A good portion of the project funding came from the extra rupee levied on every litre of petrol or diesel consumed since 1998. Supplementary financing came from the World Bank and other financial institutions. Indian companies worked alone and in joint ventures with Malaysian, Japanese and Thai firms to complete the whole project in several contract segments. Sri Lanka has a good neighbourly example to follow in building its own modern highway system to connect all of its Provincial capitals.
What is needed in Colombo, however, is what India is doing in each of its major cities, but at a reduced scope and scale to suit Colombo’s specific needs and priorities.
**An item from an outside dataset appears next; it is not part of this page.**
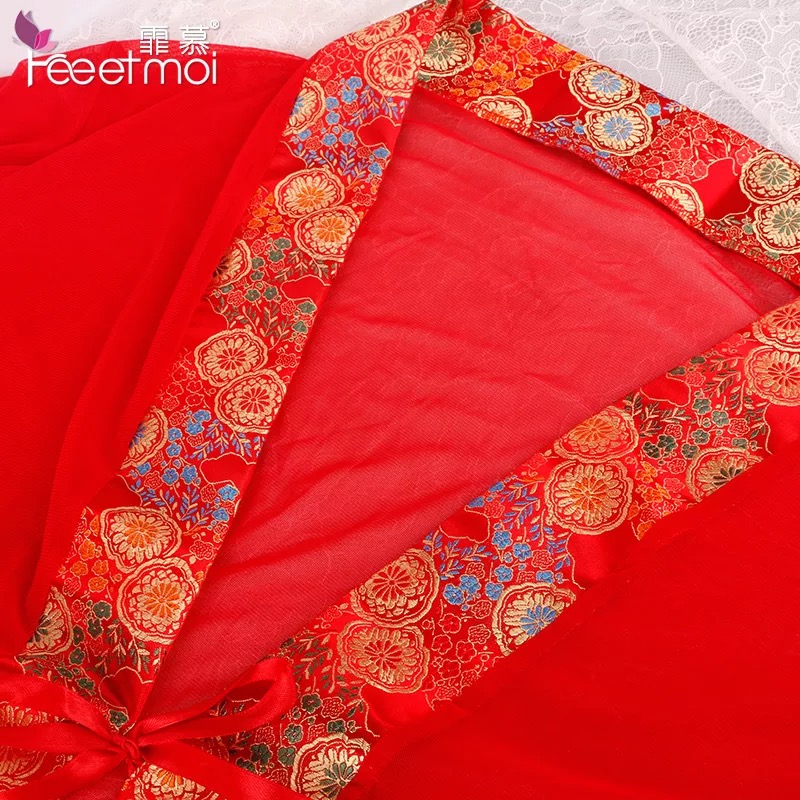 SET ชุดคลุมเซ็กซี่ สีแดง เนื้อผ้าซีทรูสวยหรู แต่งลายปักจีน พร้อม ชุดทูพีซ คล้องคอ สีแดง สไตล์สาวจีน สวย เซ็กซี่มากมายคะ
Delhi is well on its way to completing the Delhi Metro Railway system comparable to the London Underground and the Singapore MRT. The Central government and the Karnataka State government recently announced the go ahead for a similar Metro system for Bangalore to be completed by 2011. A superhighway linking Bangalore and Mysore is already under construction.
In nearby Chennai, the debate is about extending the existing Metro (surface rail) system through a new Monorail system or a Bus Rapid Transit (BRT) system. Hyderabad is also reported to be evaluating the Monorail vs BRT system. A number of Chinese cities have successfully implemented BRT systems.
The point to make here is that to address urban transport challenges one has to look not towards flyovers and interchanges but for different public transit options – bus, rail, monorail, metro. Eventually a combination of all transit modes will have to be deployed. Colombo has to start from where it is now – revamping its bus and rail systems, working towards a Bus Rapid Transit System, and planning for a Metro (Mass Rapid Transit system) in the long run. Flyovers and interchanges are short-term palliatives, but long-term migraines.